## [WHAT THE TASK REQUIRES]
The records that follow are to be repeated without alteration.

Records contained in a dataset:
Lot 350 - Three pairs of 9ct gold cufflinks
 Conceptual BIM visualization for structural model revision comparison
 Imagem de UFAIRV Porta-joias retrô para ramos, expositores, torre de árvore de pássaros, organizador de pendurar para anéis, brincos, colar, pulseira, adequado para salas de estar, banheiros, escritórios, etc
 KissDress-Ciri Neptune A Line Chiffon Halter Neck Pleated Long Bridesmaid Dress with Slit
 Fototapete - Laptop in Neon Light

## [OUTPUT]
Lot 350 - Three pairs of 9ct gold cufflinks
 Conceptual BIM visualization for structural model revision comparison
 Imagem de UFAIRV Porta-joias retrô para ramos, expositores, torre de árvore de pássaros, organizador de pendurar para anéis, brincos, colar, pulseira, adequado para salas de estar, banheiros, escritórios, etc
 KissDress-Ciri Neptune A Line Chiffon Halter Neck Pleated Long Bridesmaid Dress with Slit
 Fototapete - Laptop in Neon Light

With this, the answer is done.